Real Time Implementation of BitNetMCU

Due to Low flash space available on VSDSquadron Mini, we had to reduce number of layers in neural network as compared to demo implementation


  1. Overview
  2. Components Required
  3. Project Flow
  4. Circuit Diagram
  5. BitNetMcu Implementation
    1. Training Neural Network model
    2. Exporting Model weights to C file for using with VSD
    3. Testing Output prediction of model
    4. Generating dll file for inference
  6. Uploading BitNetMCU to VSDSquadron and realtime implementation
    1. Overview
    2. ToolChain Installation
    3. Demo implementation with test images stored on board while flashing
      1. Implementation
      2. Result
    4. Real Time Implementation with USART communication with Arduino and OV7670 integration
      1. State Diagram
      2. Connection Diagram
      3. Installation
      4. Camera Capture and Testing
      5. Image Capturing, Comperssion and sending over Uart
      6. VSDImplementation


This is a simple implementation of a low-bit quntized neural network on Risc-V microcontroller. The project is based on the Risc-V microcontroller and MNIST dataset.


  • Board- VSD Squadron Mini
  • Processor used- CH32V003F4U6 chip with 32-bit RISC-V core based on RV32EC instruction set
  • dataset used- MNIST
  • Algorithm used- Low-bit quntized neural network

Low-bit quantized neural network

Neural network quantization is a powerful technique for deploying deep learning models on resource-constrained devices.
By reducing the memory footprint and computational requirements of models, quantization enables efficient inference and improved privacy.

Why Quantization?

Quntization is a easy way to compress the model. It can easily applied on existing model without loss of accuracy.

Types of quantization-

  1. Weight Quantization
    The weights of the neural network are reduced to fewer bits precision, typically 8-bits or 16-bits.
  2. Activation Quantization
    The activations of the neural network are also represented using fewer bits, following a similar approach to weight quantization.
  3. Post Training Quantization
    In post training qunatization the weights and activations are quantized to lower precision bits without need of retraining the model.
  4. Quantization Aware Training
    The quantized model is trained to minimize the accuracy loss due to quantization.

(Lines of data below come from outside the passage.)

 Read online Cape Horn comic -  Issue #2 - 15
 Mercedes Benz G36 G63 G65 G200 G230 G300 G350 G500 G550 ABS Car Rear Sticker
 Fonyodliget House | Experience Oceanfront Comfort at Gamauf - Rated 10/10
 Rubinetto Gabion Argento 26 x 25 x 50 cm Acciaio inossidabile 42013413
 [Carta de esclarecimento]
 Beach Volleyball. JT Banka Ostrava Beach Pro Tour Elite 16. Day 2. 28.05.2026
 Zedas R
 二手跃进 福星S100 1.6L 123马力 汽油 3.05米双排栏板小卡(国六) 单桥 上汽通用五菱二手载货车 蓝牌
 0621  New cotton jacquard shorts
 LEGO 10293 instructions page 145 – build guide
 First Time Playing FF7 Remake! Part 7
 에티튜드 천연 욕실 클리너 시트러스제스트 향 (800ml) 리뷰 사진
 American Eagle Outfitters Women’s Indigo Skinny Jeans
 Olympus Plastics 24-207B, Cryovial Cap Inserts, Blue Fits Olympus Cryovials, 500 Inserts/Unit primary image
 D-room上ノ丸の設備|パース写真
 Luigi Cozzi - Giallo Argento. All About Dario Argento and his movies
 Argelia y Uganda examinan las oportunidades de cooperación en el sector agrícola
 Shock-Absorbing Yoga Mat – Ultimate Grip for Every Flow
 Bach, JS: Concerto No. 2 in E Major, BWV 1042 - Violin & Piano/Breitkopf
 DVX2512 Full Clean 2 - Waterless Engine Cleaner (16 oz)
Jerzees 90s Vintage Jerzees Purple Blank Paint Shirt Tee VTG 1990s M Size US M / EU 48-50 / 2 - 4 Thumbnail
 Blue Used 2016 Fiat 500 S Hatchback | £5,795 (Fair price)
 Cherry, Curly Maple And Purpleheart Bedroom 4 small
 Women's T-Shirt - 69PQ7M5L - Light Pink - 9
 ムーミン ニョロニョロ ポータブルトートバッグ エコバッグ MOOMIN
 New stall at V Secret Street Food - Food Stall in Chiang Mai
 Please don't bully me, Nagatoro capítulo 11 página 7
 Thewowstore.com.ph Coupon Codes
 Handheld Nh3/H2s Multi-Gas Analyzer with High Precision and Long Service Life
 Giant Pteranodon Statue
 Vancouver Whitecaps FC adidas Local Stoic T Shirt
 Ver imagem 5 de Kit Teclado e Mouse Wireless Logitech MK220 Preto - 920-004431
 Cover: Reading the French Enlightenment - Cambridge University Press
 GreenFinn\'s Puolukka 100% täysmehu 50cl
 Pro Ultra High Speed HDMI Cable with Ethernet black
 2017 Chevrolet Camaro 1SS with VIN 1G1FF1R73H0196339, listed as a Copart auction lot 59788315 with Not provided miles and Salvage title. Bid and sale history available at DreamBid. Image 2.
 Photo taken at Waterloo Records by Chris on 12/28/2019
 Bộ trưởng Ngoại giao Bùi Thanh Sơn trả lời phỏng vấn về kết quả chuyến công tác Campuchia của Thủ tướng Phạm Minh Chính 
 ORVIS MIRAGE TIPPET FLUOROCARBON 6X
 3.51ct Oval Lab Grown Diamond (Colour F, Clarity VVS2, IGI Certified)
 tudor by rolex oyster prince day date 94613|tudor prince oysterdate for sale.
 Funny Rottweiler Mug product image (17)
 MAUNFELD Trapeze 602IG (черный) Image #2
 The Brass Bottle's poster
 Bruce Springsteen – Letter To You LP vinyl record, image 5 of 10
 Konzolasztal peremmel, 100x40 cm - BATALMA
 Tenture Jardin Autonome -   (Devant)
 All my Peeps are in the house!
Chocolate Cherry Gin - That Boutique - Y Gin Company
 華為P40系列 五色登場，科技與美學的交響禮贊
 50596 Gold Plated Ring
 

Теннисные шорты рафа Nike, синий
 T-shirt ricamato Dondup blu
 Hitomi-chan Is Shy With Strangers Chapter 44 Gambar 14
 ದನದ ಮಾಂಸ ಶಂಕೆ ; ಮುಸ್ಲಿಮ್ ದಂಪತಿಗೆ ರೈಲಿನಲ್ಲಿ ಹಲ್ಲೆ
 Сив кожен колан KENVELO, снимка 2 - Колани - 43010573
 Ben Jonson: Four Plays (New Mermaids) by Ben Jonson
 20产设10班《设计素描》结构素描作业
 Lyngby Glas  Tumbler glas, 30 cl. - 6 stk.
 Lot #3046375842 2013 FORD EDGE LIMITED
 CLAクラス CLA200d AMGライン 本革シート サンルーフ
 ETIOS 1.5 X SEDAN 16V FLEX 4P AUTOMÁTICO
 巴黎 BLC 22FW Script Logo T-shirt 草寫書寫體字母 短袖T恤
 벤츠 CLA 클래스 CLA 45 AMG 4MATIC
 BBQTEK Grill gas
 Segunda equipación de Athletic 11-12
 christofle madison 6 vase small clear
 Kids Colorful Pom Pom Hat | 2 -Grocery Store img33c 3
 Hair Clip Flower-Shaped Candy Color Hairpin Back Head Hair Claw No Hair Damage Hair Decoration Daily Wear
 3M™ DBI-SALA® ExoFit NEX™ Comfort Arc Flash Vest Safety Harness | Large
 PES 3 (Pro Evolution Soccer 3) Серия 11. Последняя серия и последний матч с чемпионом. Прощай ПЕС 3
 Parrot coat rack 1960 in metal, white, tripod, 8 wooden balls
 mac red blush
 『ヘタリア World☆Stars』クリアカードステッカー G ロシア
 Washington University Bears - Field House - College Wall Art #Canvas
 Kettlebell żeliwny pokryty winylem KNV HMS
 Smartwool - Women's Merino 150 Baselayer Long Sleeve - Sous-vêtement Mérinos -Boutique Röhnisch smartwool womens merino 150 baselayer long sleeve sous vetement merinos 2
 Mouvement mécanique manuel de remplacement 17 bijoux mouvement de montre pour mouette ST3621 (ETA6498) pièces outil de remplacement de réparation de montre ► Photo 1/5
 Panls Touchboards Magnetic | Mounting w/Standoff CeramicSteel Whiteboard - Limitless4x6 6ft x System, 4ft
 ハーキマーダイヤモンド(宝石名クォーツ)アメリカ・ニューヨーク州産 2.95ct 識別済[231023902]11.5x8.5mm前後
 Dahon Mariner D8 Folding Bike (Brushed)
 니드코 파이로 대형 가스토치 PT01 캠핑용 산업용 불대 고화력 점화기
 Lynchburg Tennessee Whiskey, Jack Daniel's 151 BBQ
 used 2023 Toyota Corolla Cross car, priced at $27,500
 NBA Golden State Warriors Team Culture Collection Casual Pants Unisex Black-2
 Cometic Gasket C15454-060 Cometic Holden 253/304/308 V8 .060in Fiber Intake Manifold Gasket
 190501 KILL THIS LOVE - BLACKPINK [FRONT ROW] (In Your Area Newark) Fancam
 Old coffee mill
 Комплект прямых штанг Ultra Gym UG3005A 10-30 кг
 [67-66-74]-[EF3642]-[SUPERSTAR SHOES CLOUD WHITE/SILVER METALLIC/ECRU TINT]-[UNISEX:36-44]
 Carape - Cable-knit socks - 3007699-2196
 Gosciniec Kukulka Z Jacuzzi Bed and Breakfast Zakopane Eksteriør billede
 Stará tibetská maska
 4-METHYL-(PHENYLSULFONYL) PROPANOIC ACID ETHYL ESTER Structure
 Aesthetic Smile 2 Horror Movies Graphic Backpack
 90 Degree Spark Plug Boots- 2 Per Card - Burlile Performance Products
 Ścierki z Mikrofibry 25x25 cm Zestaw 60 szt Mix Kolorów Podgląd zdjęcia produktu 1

This involves adjusting the learning rate, batch size, and other hyperparameters to optimize the performance of the quantized model.

MNIST dataset

The MNIST dataset is a collection of images of handwritten digits that is commonly used for training machine learning models.\

Key Features-

  • The dataset consists of 60,000 training images and 10,000 testing images.\
  • Each image is a 28×28 grayscale image.\
  • The images are normalized to fit into a 28×28 pixel bounding box and anti-aliased, introducing grayscale levels.
  • MNIST is widely used for training and testing in the field of machine learning, especially for image classification tasks.

Dataset Structure

The MNIST dataset is split into two subsets:

  • Training Set: This subset contains 60,000 images of handwritten digits used for training machine learning models.
  • Testing Set: This subset consists of 10,000 images used for testing and benchmarking the trained models.

Sample Image of the MNIST dataset

The example showcases the variety and complexity of the handwritten digits in the MNIST dataset, highlighting the importance of a diverse dataset for training robust image classification models.


Components Required for BitNetMCU

  • VSD Squadron Mini
  • USB Cable
  • Camera module(optional)

Components Required for real time BitNetMCU

  • VSD Squadron Mini
  • USB Cable
  • Camera module (arduino camera OV7670)
  • jumper wires
  • battery
  • 7 segment display
  • Breadboard
  • push button

Flow of the project

BitNetMCU Implementation

  • Configuration
  • Model Training
  • Exporting the quantized model
  • Testing the C-model
  • Deploying the model on the VSD Squadron Mini
  • Testing demo accuracy on VSD Squadron Mini

BitNetMCU real time Implementation

  • Connecting the camera module to the VSD Squadron Mini
  • Capturing images using the camera module
  • Preprocessing the images
  • Inferring detected digits using the model on the VSD Squadron Mini
  • Displaying the output on the 7 segment display

Circuit Connection for BitNetMCU

No hardware connections are required for BitNetMCU only we have to connect VSD squadron with computer using USB cable.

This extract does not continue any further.